YOUR TASK:
Would you return the data exactly as given, except for its pictures?
STUDY MATERIAL below:
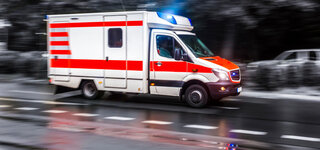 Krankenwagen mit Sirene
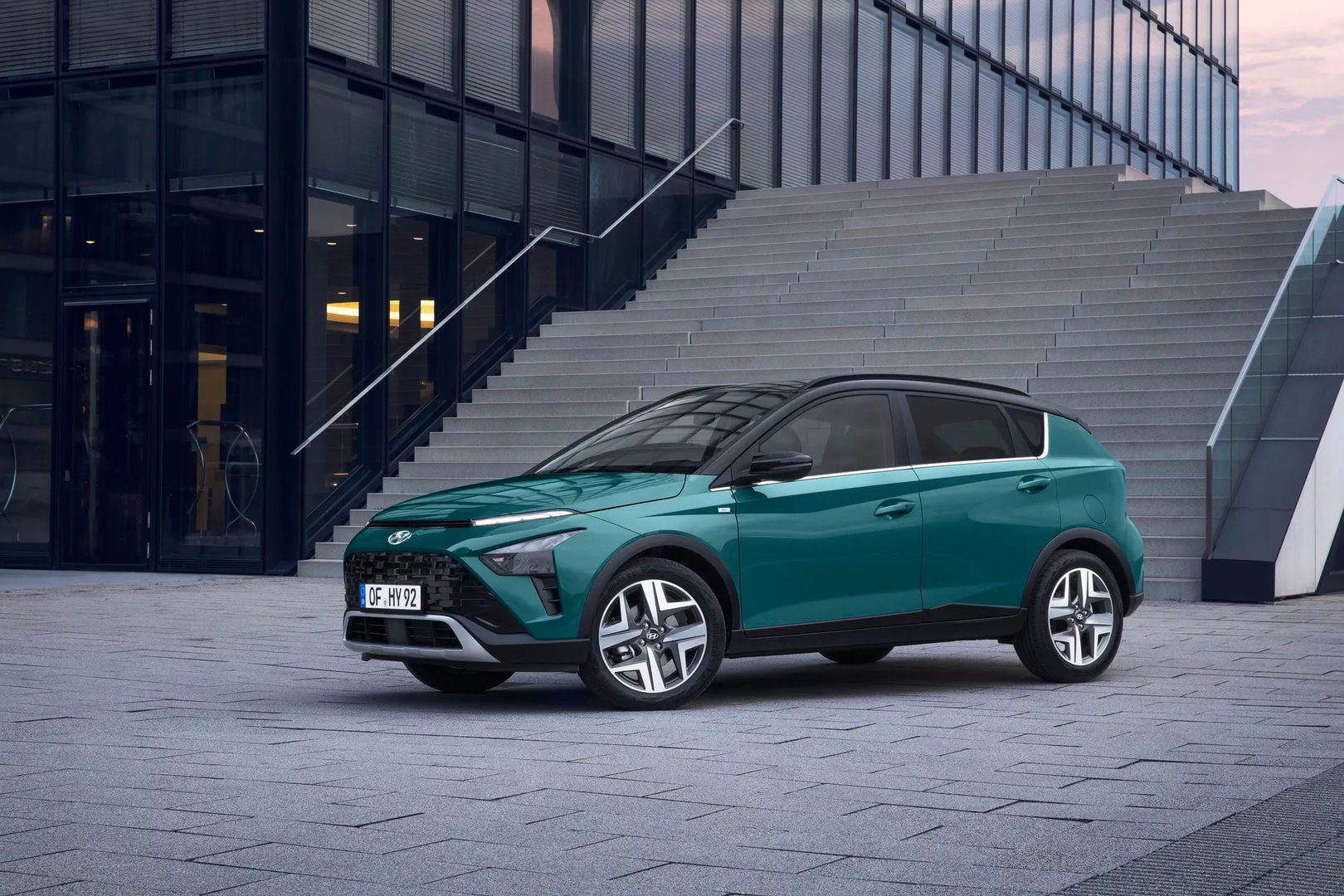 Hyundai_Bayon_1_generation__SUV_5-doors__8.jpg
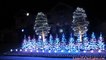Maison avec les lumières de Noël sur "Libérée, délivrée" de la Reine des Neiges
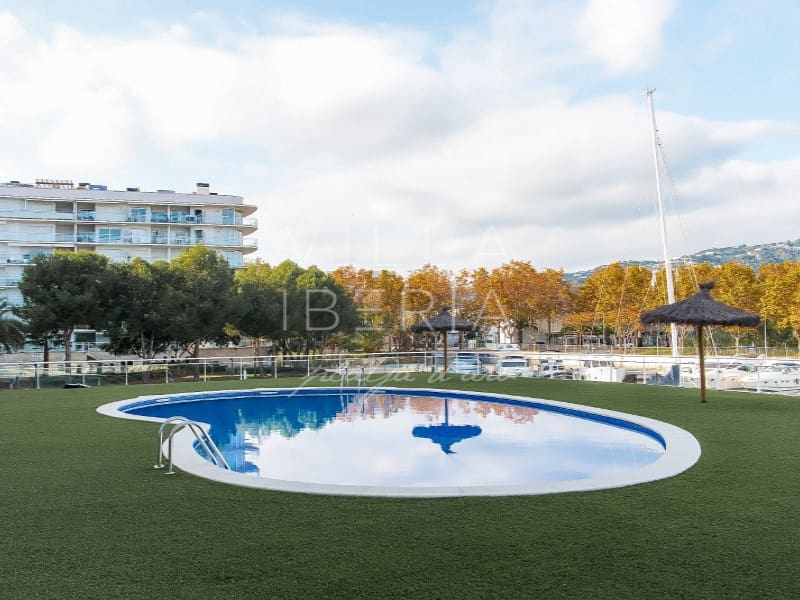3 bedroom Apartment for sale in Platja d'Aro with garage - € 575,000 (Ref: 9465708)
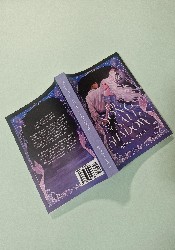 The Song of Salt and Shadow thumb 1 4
End of STUDY MATERIAL.
SOLUTION FOR THIS EXERCISE:
 Krankenwagen mit Sirene
 Hyundai_Bayon_1_generation__SUV_5-doors__8.jpg
Maison avec les lumières de Noël sur "Libérée, délivrée" de la Reine des Neiges
3 bedroom Apartment for sale in Platja d'Aro with garage - € 575,000 (Ref: 9465708)
 The Song of Salt and Shadow thumb 1 4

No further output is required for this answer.